Part four “assessment” – T J Ryan Foundation: Key policy issues in vocational education and training


The T. J. Ryan Foundation is a progressive think tank focusing on Queensland public policy. The aims of the Foundation are to stimulate debate on issues in Queensland public administration and to review policy directions of current and past State governments on economic, social and cultural issues.

This Foundation focuses on evidence-based policy, and provides links to a range of public accessible online resources.

The Full Report is available here:

by Peter Henneken AM BBus BA FIPAA FAICD Research Associate, TJRyan Foundation.

How relevant is the ‘entitlement model’

In 2010 the Victorian government started injecting $400M into Vocational Education and Training and offered all eligible Victorian an entitlement to a VET program. The offer was uncapped and and, of course, enrolments exploded, especially in a whole range of cheap courses, heavily promoted and mostly in areas of low demand. The ‘entitlement model’ is included as reforms and actions to be carried out in the National Partnership Agreement on Skills Reform of 2012:

improving training accessibility, affordability and depth of skills, including through the introduction of a national training entitlement and increased availability of income contingent loans.

Queensland has focused its entitlement on Level 3 certificates:

The Certificate 3 Guarantee will give Queenslanders access to a government subsidised training place, up to and including their first certificate III qualification in priority areas. Year 12 graduates will be able to enrol in fee-free priority training courses.

As can be seen there needs to be a fine balance between demand, the subsidy level and the total budget available. I have mentioned earlier the implications of higher course prices that may result. Alternative models of allocating places to students will also need a process of rationing, which may be inherently more unfair than an entitlement model.

Over the last decade and a half, VET funding on a national basis has declined per hour of contact. Over the same period Commonwealth and State VET recurrent funding on a per capita equivalent basis has fallen behind government primary school, secondary school and higher education.

The initiative of the current Commonwealth Government to fund degree and sub-degree programs in approved VET providers will allow some redirection of VET budget to Cert I to IV programs. Without commenting on their fairness, so will the extension of HECs type loans to degree and subdegree programs in VET. This does not solve the problem of ability to pay fees, at least in Queensland for Cert I to IV programs.

Mitchell highlights five reasons that the entitlement model doesn’t fit well with the VET sector:

1. The sector has spent the last 20 years saying it is industry led, not driven by the individual;

2. It assumes that students are informed consumers and able to make sound decisions. (Willox reinforces this point: ‘Basically people are burning their entitlement to training for a course that doesn’t give them a career path, and doesn’t give that person proper purpose or direction.’67);

3. It assumes that all training providers can be trusted to provide clear information about their services, i.e. the product is true to how it is described to prospective students;

4. It assumes that some students and rogue providers will not collude to pervert quality requirements.
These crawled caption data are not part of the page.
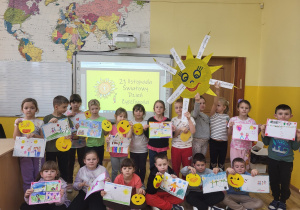 Uczniowie klasy pierwszej prezentują swoje prace z okazji Dnia Życzliwości i Pozdrowień.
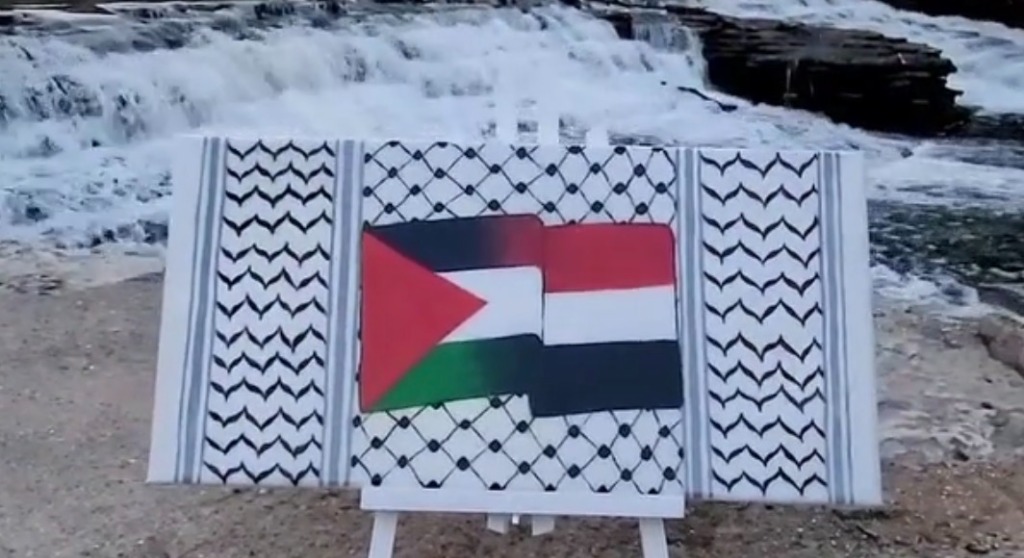 Palestine and Yemen flags on keffiyeh canvas at waterfall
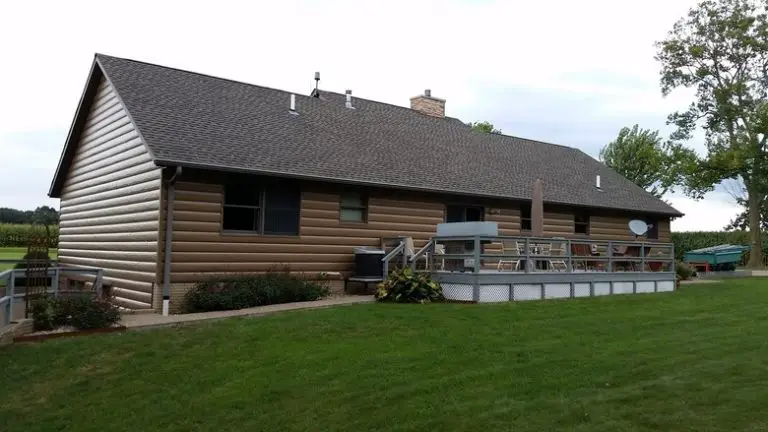 Modern log cabin with spacious deck and lawn.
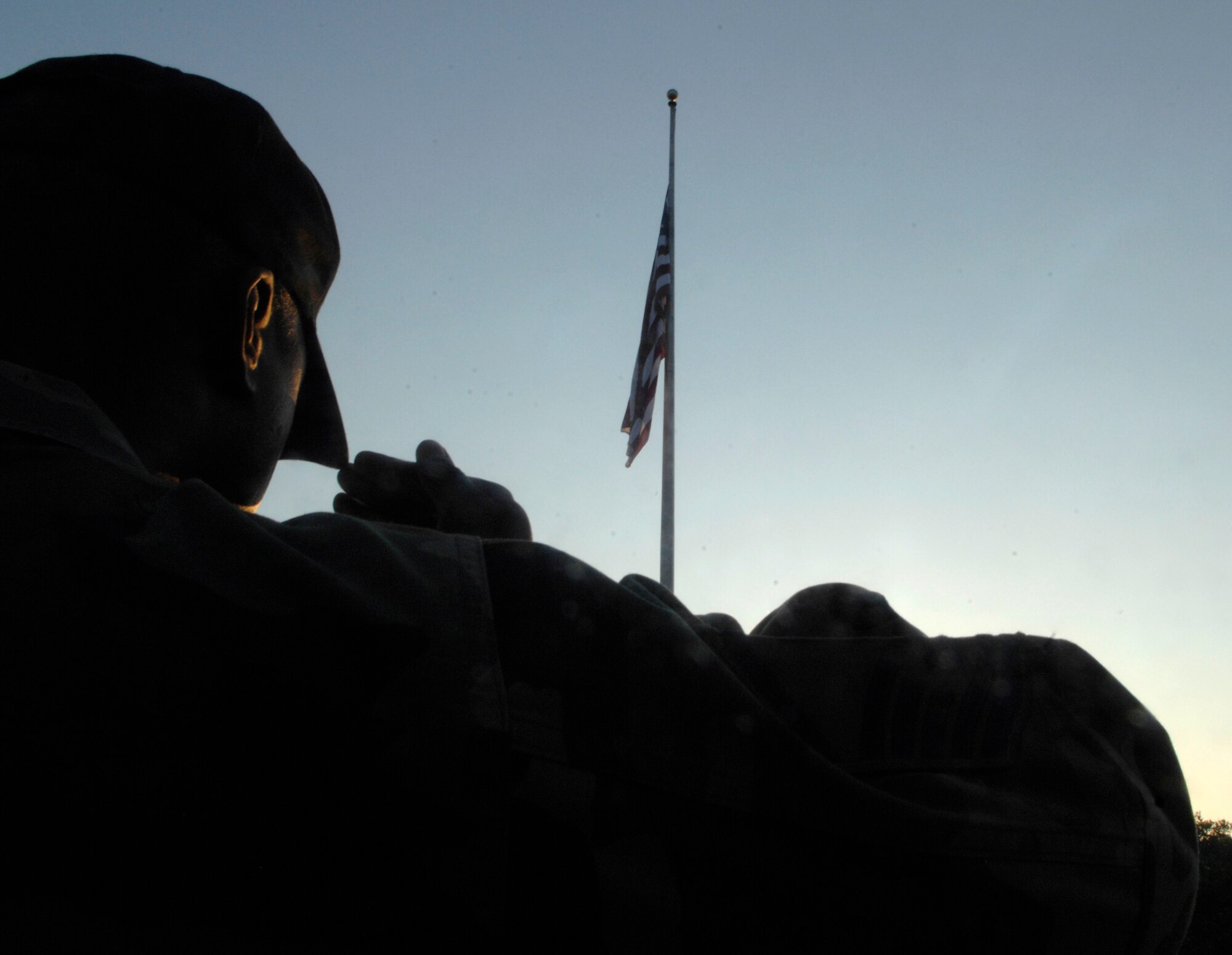 Master Sgt. Alan Williams, 316th Wing Public Affairs superintendent, renders a salute to the flag in honor of National Flag Day on June 13.  Flag Day commemorates the adoption of the flag of the United States originating in 1777. (U.S. Air Force photo/Senior Airman Steven R. Doty)
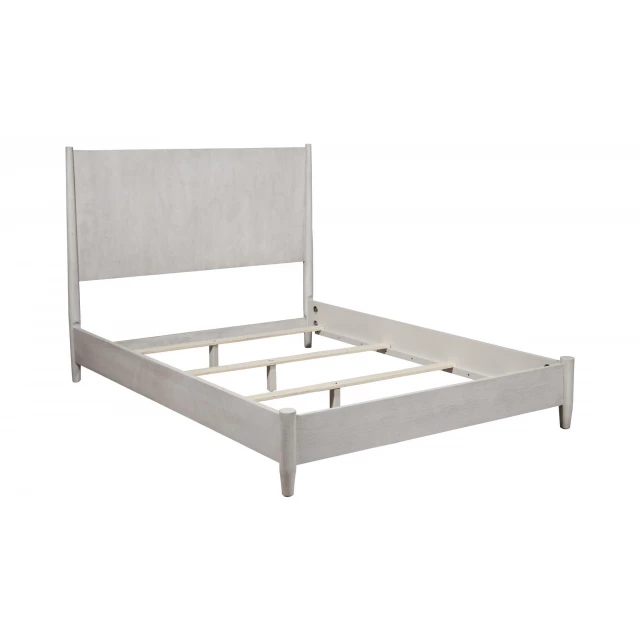 Solid manufactured wood California king bed in elegant bedroom setting
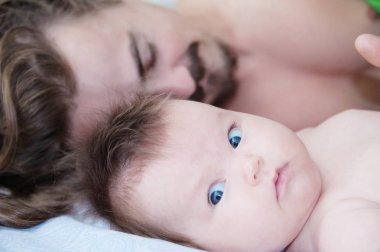 sleeping parent and baby waking up in the morning lying on bed together, happy family clipart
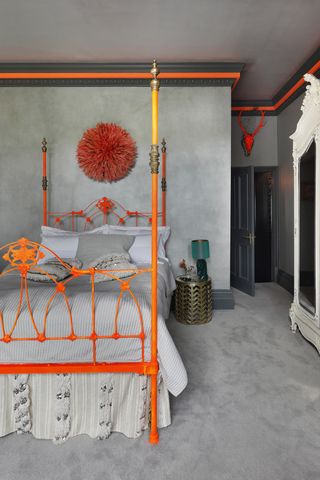 Bedroom with neon colored bed and neon accents on the gray walls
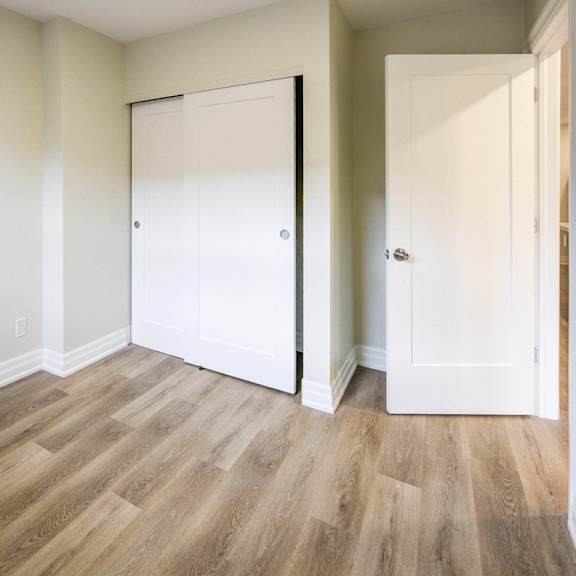 a room with a white door and a wooden floor.
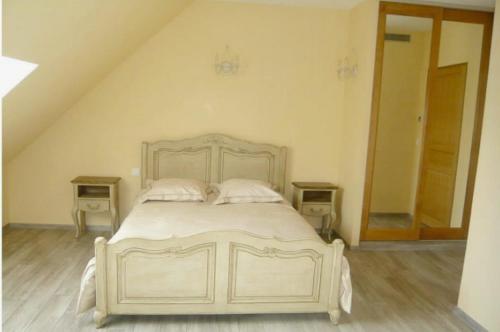 a bedroom with a white bed with two night stands at Domaine d'Auxonnettes Chambres d'Hôtes et Gîtes in Saint-Fargeau-Ponthierry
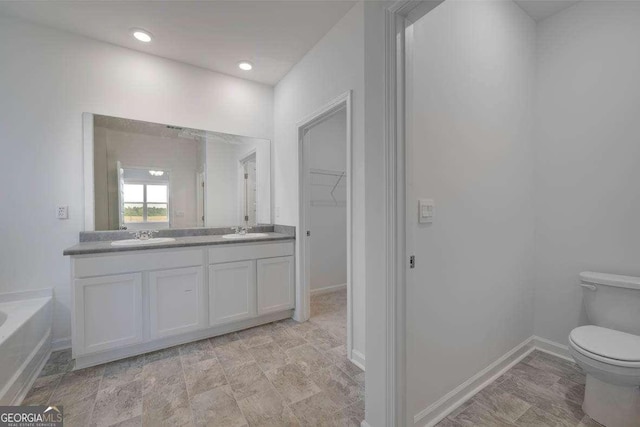 bathroom with vanity, toilet, and a tub to relax in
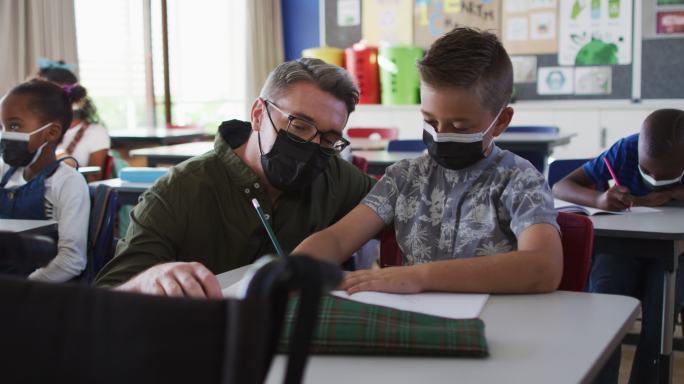 男老师坐在教室里帮助男生，都戴着口罩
The construction white card is provided as an example, and

5. It doesn’t fit well with VET because the (Victorian) policy makers keep changing the rules. The complaint highlights the complex rules, categories of eligibility and different fee structures.

Conclusions about the entitlement model:

1. A number of the criticisms of the entitlement system are essentially criticisms of other aspects of the current VET policy settings. These include the issues around quality including consumer protection and the use of market mechanisms to purchase training. These issues have been covered in other parts of this paper and are not central to an entitlement model;

2. Information for prospective students does have to be improved;

3. There needs to be a better process to encourage providers to select students who are most likely to benefit from the course. Completion rates and placement into employment need to be KPI’s for providers and linked to funding. This would encourage better selection and career advice processes. This is of course a restriction on an entitlement and would need to be designed as part of the system guidelines. I mentioned earlier the merits of programs such as ‘Skilling Solutions Queensland’.

4. The issue of whether the system is industry led or individual led, particularly where the education and training is not part of an employment relationship has also been dealt with elsewhere in this paper. As argued earlier, more broadly-based programs will better serve learners and industry in the longer term;

5. Having said all that an entitlement system properly designed is a way of providing equitable access, to programs not part of an employment arrangement or programs that do not have a specific target. This point is subject to the impact on student fees that have resulted, and particularly the resultant effect on disadvantaged students;

6. As restrained budgets will make it difficult to provide substantially increased funds to VET, there is an urgent need for effective and fair loan arrangements, for Cert I to IV learners:

7. It may still be useful to have the option of caps for expensive programs where few people are employed and for the latest ‘fashionable’ programs.